OptionContainer.cpp: In member function 'bool OptionContainer::read(const char*, in
OptionContainer.cpp:161: warning: deprecated conversion from string constant to 'ch
OptionContainer.cpp:164: warning: deprecated conversion from string constant to 'ch
OptionContainer.cpp:167: warning: deprecated conversion from string constant to 'ch
OptionContainer.cpp:173: warning: deprecated conversion from string constant to 'ch
OptionContainer.cpp:176: warning: deprecated conversion from string constant to 'ch
OptionContainer.cpp:179: warning: deprecated conversion from string constant to 'ch
OptionContainer.cpp:183: warning: deprecated conversion from string constant to 'ch
OptionContainer.cpp:186: warning: deprecated conversion from string constant to 'ch
OptionContainer.cpp:190: warning: deprecated conversion from string constant to 'ch
OptionContainer.cpp:194: warning: deprecated conversion from string constant to 'ch
OptionContainer.cpp:197: warning: deprecated conversion from string constant to 'ch
OptionContainer.cpp:200: warning: deprecated conversion from string constant to 'ch
OptionContainer.cpp:203: warning: deprecated conversion from string constant to 'ch
OptionContainer.cpp:206: warning: deprecated conversion from string constant to 'ch
OptionContainer.cpp:210: warning: deprecated conversion from string constant to 'ch
OptionContainer.cpp:216: warning: deprecated conversion from string constant to 'ch
OptionContainer.cpp:219: warning: deprecated conversion from string constant to 'ch
OptionContainer.cpp:222: warning: deprecated conversion from string constant to 'ch
OptionContainer.cpp:225: warning: deprecated conversion from string constant to 'ch
OptionContainer.cpp:228: warning: deprecated conversion from string constant to 'ch
OptionContainer.cpp:231: warning: deprecated conversion from string constant to 'ch
OptionContainer.cpp:244: warning: deprecated conversion from string constant to 'ch
OptionContainer.cpp:247: warning: deprecated conversion from string constant to 'ch
OptionContainer.cpp:330: warning: deprecated conversion from string constant to 'ch

then if i do a make install and try to run it i get no dansguardian.conf file found , in the notes it says conf files will be found in a samples directory but install doesnt seem to make a samples directory. Seems that all the info i can find on it is a few years old anyone got any ideas for a new guy on how to figure this one out? 

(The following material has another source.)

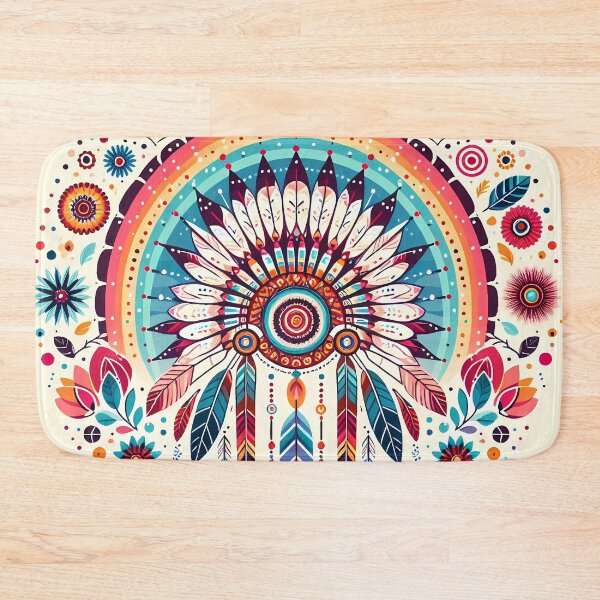 Item preview, Scandinavian Folk Art Warbonnet – Feathers, Rainbow, and Floral Design by heidiannemorris designed and sold by FOLK ART FUSION by heidiannemorris.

running freebsd 7.0 with squid 2.7


----------



## hydra (Jan 4, 2009)

cd /usr/pors/www/dansguardian && make install
cp /usr/local/etc/dansguardian/samples/* /usr/local/etc/dansguardian/
touch /var/log/dansguardian.log
chown nobody:nobody /var/log/dansguardian.log

change the configuaration in /usr/local/etc/dansguardian/dansguardian.conf and dansguardianf1.conf

echo 'dansguardian_enable="YES"' >> /etc/rc.conf
/usr/local/etc/rc.d/dansguardian start


----------